_What the exercise asks_
Go through the records below and report each line with "Horse" in it.

_Data extracted from a collection_
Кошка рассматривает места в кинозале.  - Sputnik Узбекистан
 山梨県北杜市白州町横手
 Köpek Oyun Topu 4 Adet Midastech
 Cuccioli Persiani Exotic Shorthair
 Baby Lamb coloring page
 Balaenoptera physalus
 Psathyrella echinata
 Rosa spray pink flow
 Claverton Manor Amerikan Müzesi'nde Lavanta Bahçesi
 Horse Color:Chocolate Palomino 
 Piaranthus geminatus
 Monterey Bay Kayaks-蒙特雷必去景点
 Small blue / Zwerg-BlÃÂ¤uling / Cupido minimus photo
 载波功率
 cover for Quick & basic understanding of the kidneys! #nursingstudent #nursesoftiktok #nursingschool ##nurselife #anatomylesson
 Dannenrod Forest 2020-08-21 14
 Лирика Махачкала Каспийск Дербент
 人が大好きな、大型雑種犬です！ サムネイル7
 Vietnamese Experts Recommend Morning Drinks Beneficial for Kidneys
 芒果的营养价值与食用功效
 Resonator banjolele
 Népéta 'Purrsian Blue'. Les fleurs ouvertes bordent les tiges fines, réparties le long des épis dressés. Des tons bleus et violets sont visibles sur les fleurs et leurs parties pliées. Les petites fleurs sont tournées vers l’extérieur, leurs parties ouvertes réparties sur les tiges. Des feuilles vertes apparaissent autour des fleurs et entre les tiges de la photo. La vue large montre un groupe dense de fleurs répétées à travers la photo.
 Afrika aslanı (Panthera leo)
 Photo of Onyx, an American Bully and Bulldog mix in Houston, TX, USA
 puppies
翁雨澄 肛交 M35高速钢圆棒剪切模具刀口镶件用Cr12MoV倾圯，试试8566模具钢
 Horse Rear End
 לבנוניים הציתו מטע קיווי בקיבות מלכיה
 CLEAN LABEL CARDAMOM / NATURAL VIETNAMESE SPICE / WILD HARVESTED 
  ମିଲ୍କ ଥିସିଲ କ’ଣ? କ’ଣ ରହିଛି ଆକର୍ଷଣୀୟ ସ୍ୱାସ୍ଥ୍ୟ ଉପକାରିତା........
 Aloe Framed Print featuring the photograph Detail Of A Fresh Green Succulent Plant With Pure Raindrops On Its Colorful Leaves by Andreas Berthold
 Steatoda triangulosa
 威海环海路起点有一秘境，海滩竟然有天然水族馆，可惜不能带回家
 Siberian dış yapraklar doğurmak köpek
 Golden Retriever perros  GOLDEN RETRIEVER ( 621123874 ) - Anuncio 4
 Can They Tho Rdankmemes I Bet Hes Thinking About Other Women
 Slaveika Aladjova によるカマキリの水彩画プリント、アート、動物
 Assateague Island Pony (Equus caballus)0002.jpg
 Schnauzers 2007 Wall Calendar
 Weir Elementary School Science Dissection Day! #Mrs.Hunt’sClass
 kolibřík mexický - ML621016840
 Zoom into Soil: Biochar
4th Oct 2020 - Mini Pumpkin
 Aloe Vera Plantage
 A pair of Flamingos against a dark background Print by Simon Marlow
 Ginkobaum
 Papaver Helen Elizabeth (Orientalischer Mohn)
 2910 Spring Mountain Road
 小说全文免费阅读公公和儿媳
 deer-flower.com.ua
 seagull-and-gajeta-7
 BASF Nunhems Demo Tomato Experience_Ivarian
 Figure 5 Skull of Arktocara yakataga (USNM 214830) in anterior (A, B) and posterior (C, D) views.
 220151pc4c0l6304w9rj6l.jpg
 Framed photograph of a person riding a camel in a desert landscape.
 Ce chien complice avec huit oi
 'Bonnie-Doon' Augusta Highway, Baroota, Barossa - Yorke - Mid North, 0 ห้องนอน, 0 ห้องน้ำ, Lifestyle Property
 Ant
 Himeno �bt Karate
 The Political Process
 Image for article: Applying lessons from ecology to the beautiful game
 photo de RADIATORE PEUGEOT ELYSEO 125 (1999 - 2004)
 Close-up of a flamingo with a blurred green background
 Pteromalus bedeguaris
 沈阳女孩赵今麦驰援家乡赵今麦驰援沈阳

_Result below_
 Horse Color:Chocolate Palomino 
 Horse Rear End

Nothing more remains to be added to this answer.